The pop up screen for the levels slider, or the dialog box, is our black and white images' histogram. Move the left (black) slider to the right until it is just under the first bit of black information in the histogram. Next, slide the right (white) slider to the left, until it is sitting just under the first bit of white information in the histogram. You may now move the medium grey slider (in the middle, towards the black and white sliders) to taste, but do so slowly. I have done this step in the image below.
Now there is something that you might need to do before moving on. If the new (levels) adjustments seem to be too harsh looking, or too intense, then you might want to tone them down a little. You can do this by lowering the "opacity" of the new levels adjustment layer in the layer pallet well.
A second way to perform this "poping of the blacks and the whites" step is by using a curves adjustment layer. Imagine if you will, that you did not perform the above "levels" procedure, but instead opted to do it this way, using a curves adjustment layer instead. With the new black and white layer highlit, and not the background layer, simply click on the half white half black circle in the layers pallet well. Choose "curves" from the adjustment layer pop up menu. A new layer will appear after you do this.
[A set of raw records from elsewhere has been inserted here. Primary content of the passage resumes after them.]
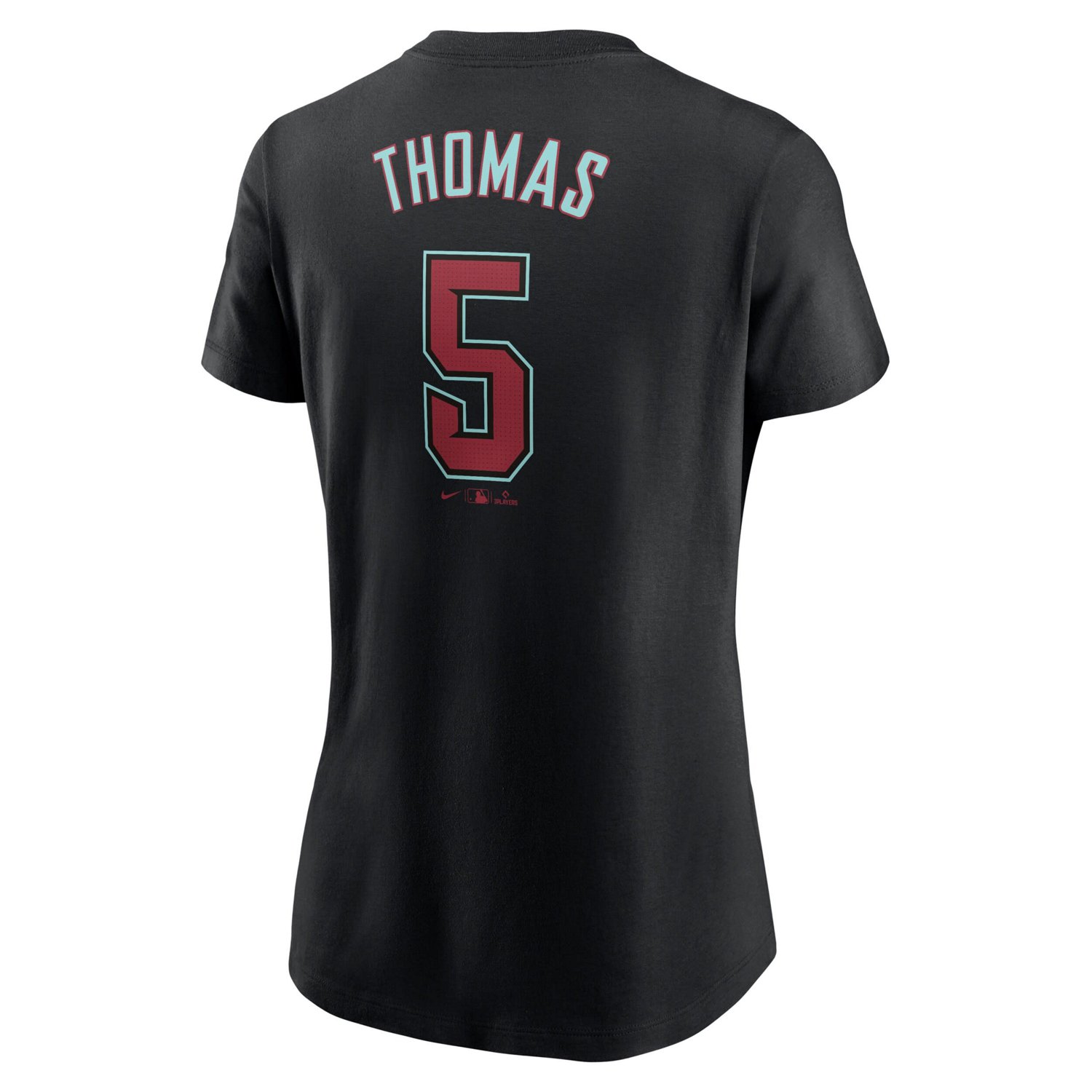 Nike Alek Thomas Arizona Diamondbacks 2024 Fuse Name  Number T-Shirt                                                             - view number 3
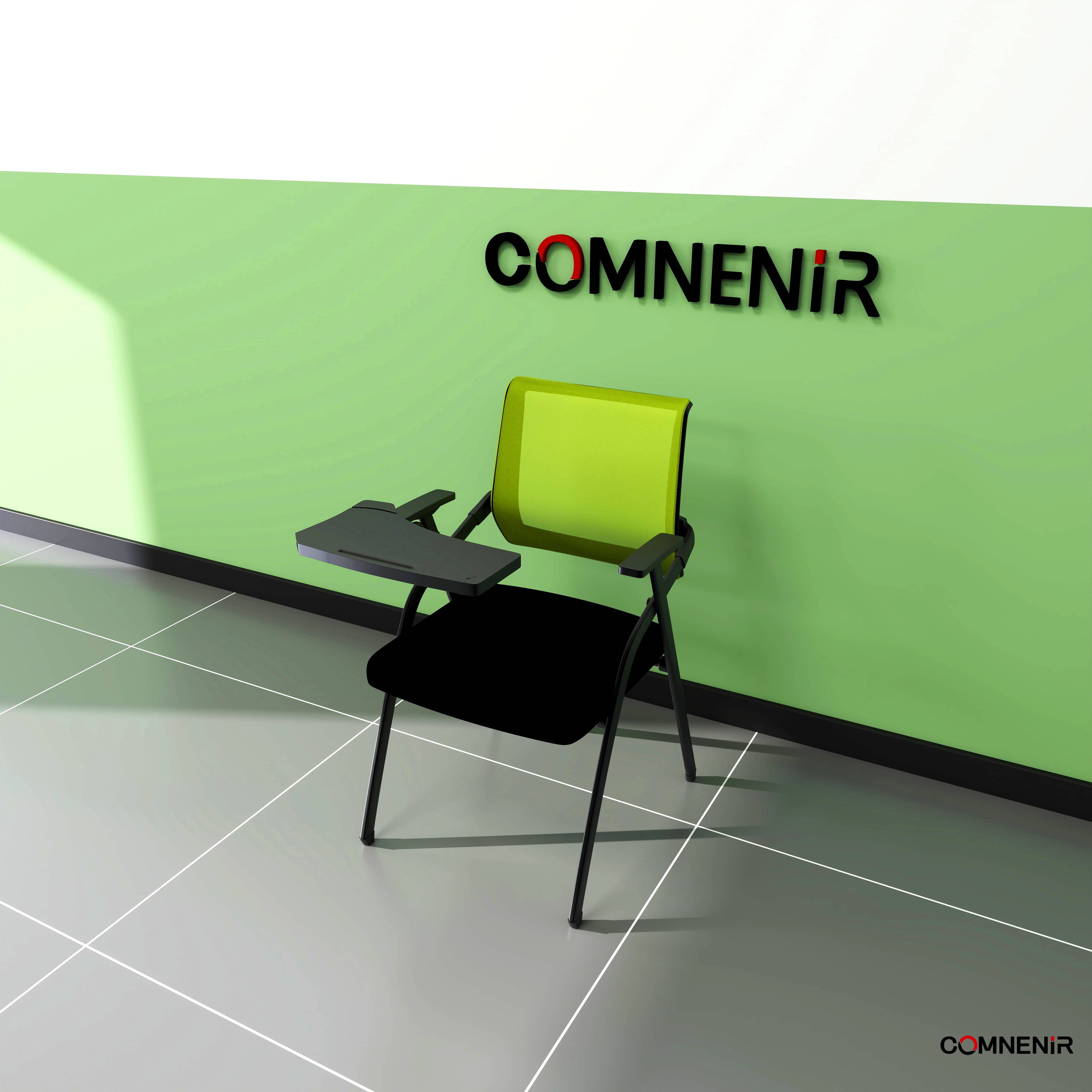 COMNENIR קבוצת כיסאות שולחן בקומה אחת סין הון נמוך לעובדי בית ספר לשימוש בכיתה כיסא תלמיד עם לוח כתיבה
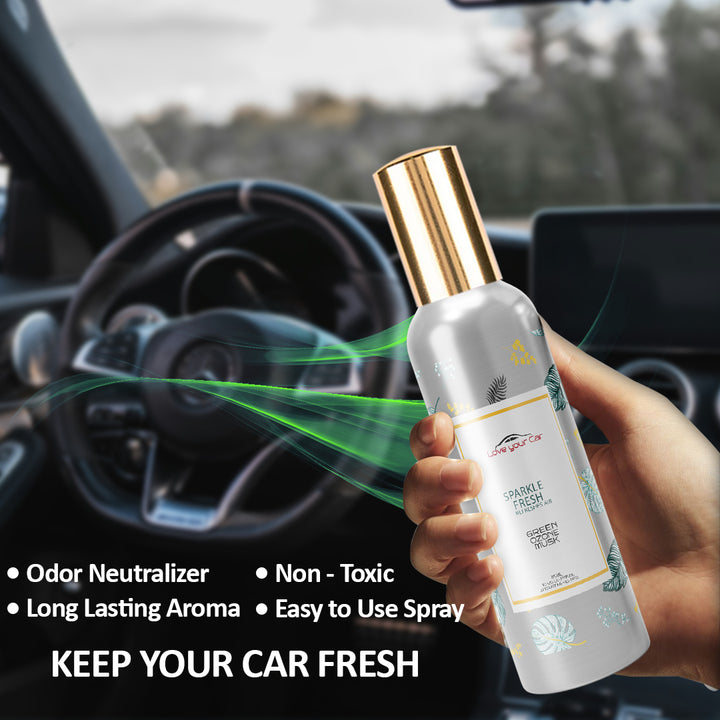 Love Your Car Sparkle Fresh Car Air Freshner (85ml)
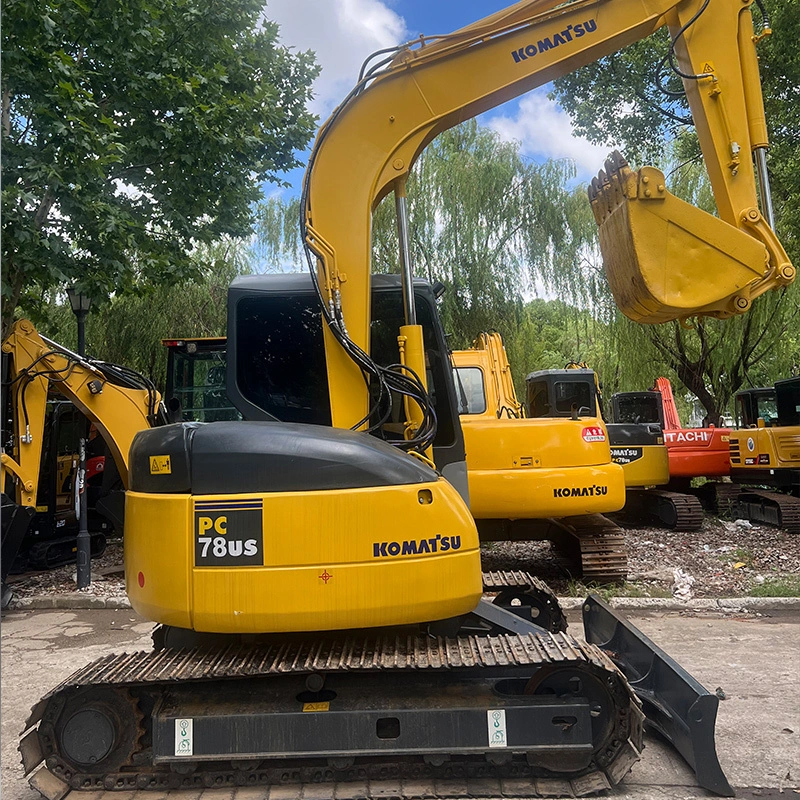 Economical Used Komatsu PC78 Excavator 7.8 Tons Low Fuel Consumption 1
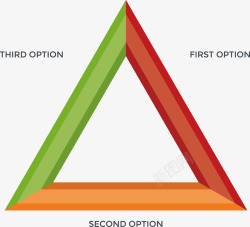 创意三角形目录图素材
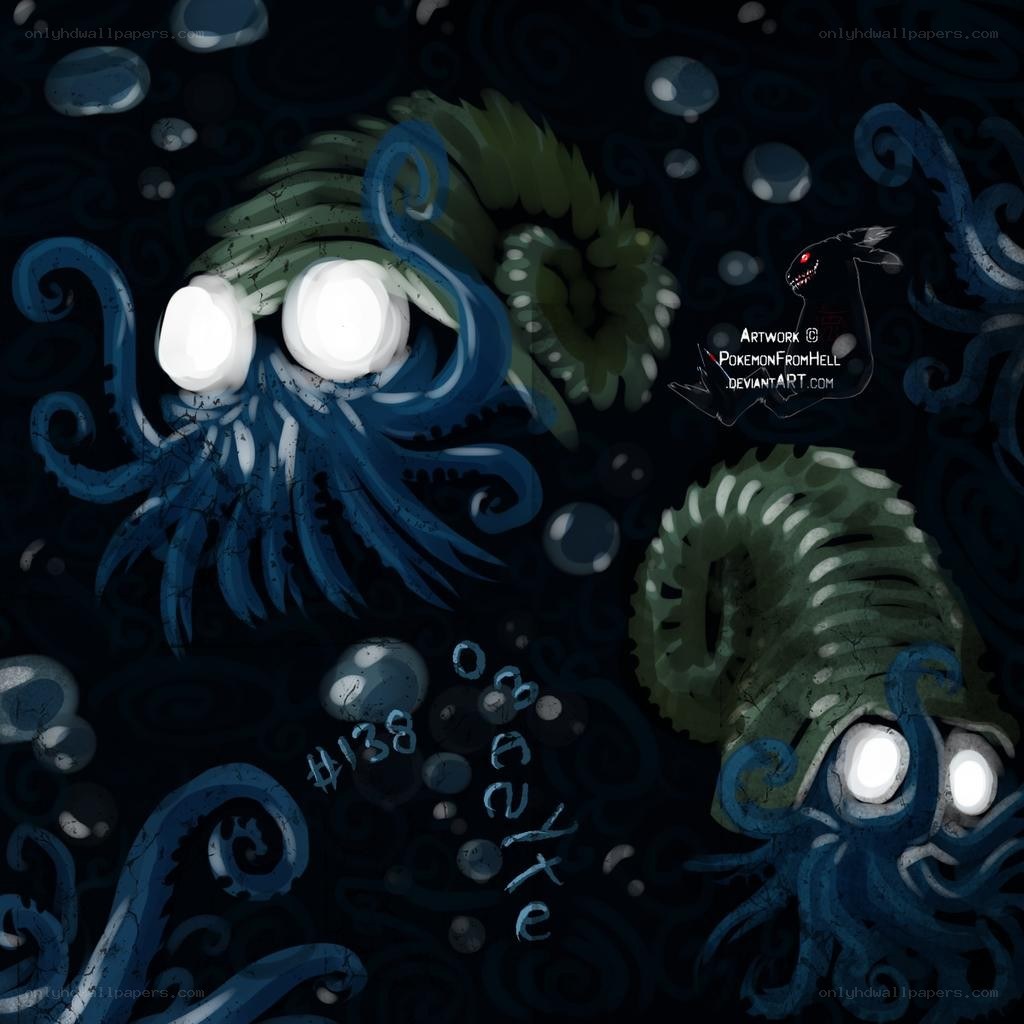 Deep sea Pokémon creatures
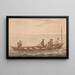 Konebd, illustrazione per WA Graah, viaggio di esplorazione sulla costa orientale della Groenlandia - Oluf Olufsen Bagge — quadro incorniciato alla parete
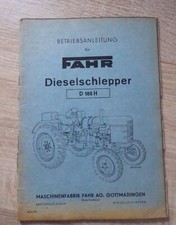 Driving Tractor D 180 H Instruction Manual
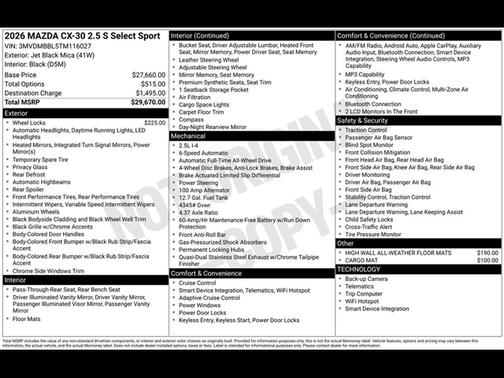2026 Mazda CX-30 Select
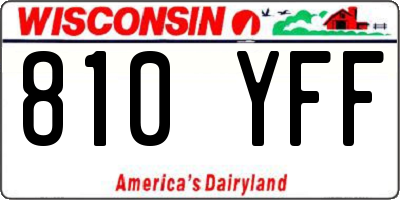 WI license plate 810YFF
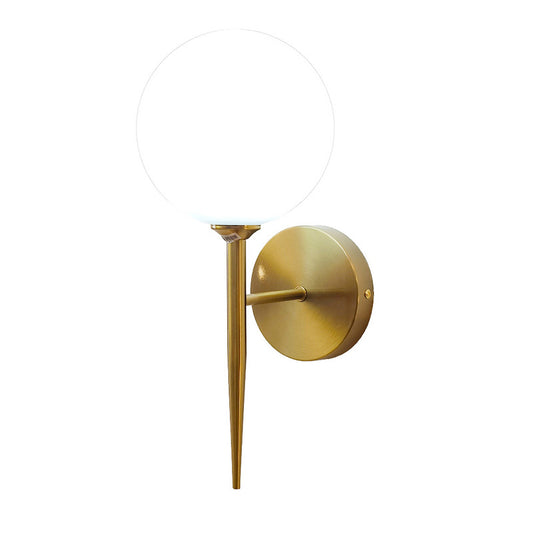 Φωτιστικό τοίχου-απλίκα Kerlibin pakoworld G9 μέταλλο χρυσο-λευκο 13x18x34εκ - Hippiehome.gr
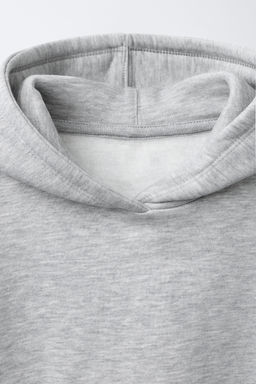 SUDADERA B?SICA ETIQUETA / Gris vigor? - Zara фото 3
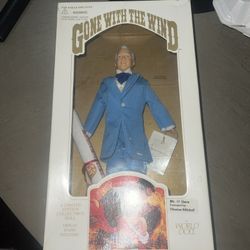 Gone With The Wind World Doll  Mr. O'Hara Sky Blue Suit Rare! Hang tag & COA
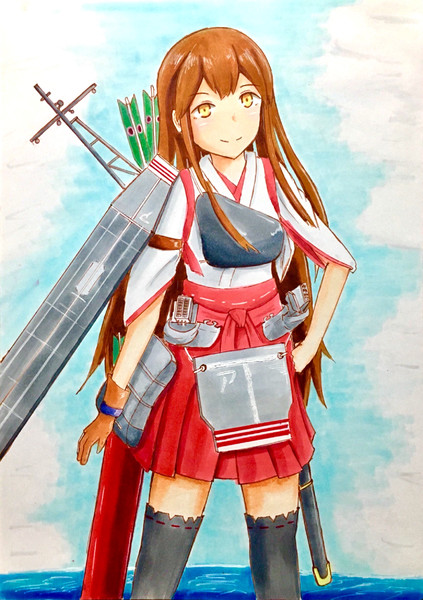 赤城改二戊 ちるみ さんのイラスト ニコニコ静画 イラスト
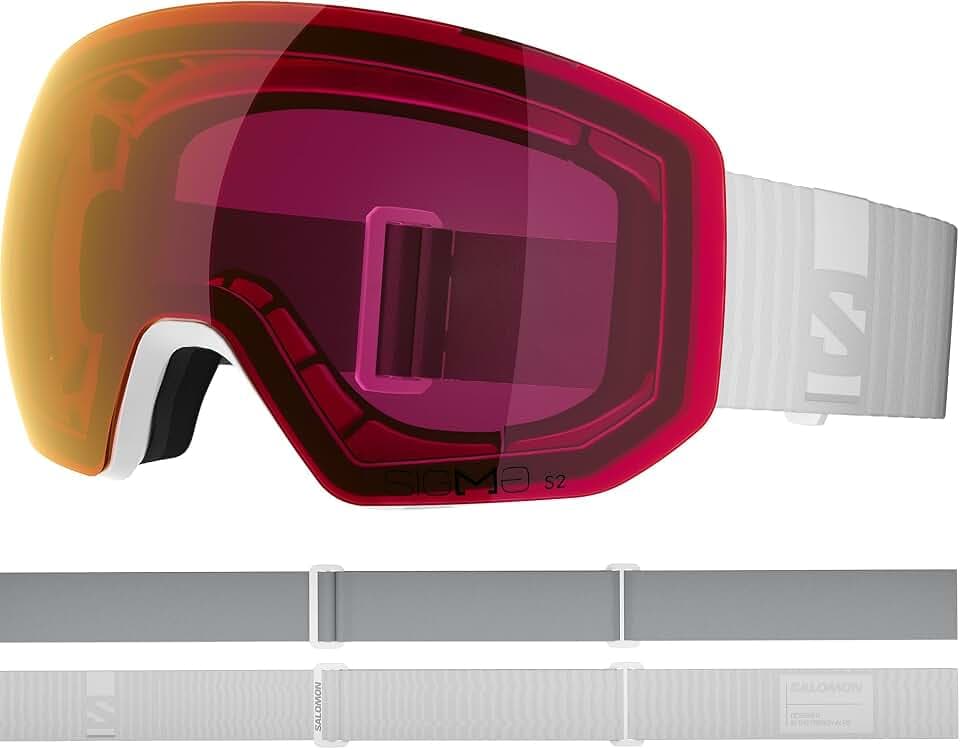 Salomon RADIUM PRO S SIGMA Goggles, Unisex Anti-Fog Ski and Snowboard Goggles For Snowboarding and Mountain Adventures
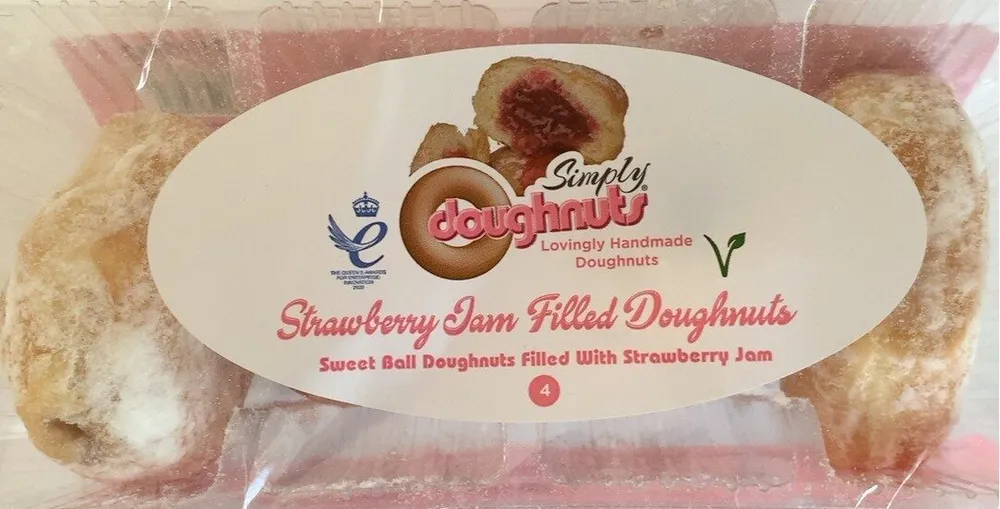 Strawberry Jam Filled Doughnuts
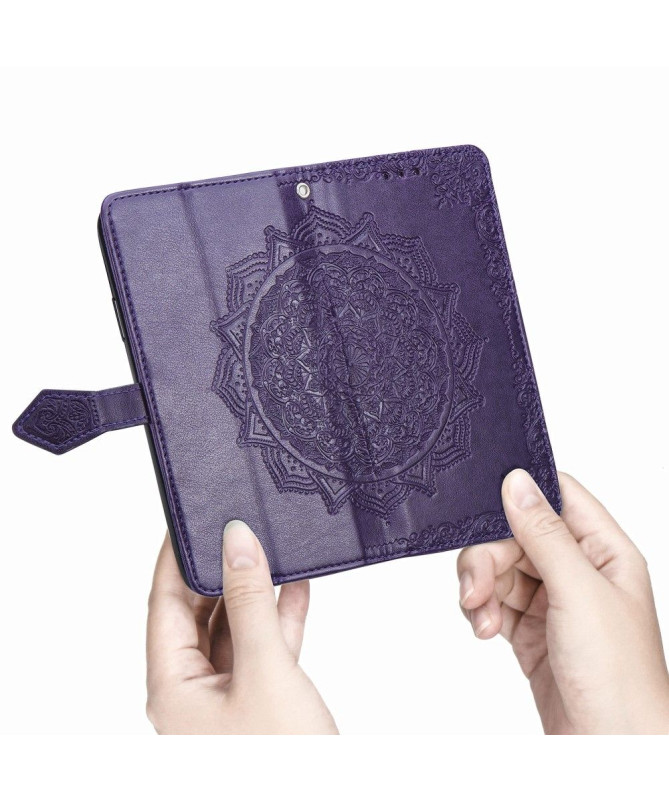 Housse Samsung Galaxy A12 Mandala Relief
What you need to do next is to click on the black eye dropper in the new curves pop up, and then click on the part of your image that is supposed to be a true black. Repeat this with the white dropper, on the true white part of the image, and you can even repeat it with the medium grey dropper too, if you need to. Most of the time I do not use the medium grey dropper. Click "O.K.".
If the new resulting curves adjustment layer is too harsh looking, or intense, you can tone it down by simply adjusting the opacity slider in the layers pallet well. Click on the number, or the percentage showing in number form, and slide it to the left.
Once you are done, it is time to "merge down" the new (curves or levels) adjustment layer. What you need to do here is click on the "Layer" heading, and then choose "merge down". You should see that your newly adjusted (curves or levels) layer has been merged down and combined into the second layer.
Next, it is time to create a layer mask. With the top layer high lit, simply click on the "add a layer mask icon" which is the brown square with the white circle inside of it, in the layers pallet well. This makes the active, or high lit layer a layer mask.
You have just used levels, layer masks, and a curves adjustment layer all in one edit job. If you have never used any of these tools or tasks, take a bow! These tasks are not too hard to perform, but way too many folks are scared to use them, or even learn about them! Practice will bring speed, and a faster workflow.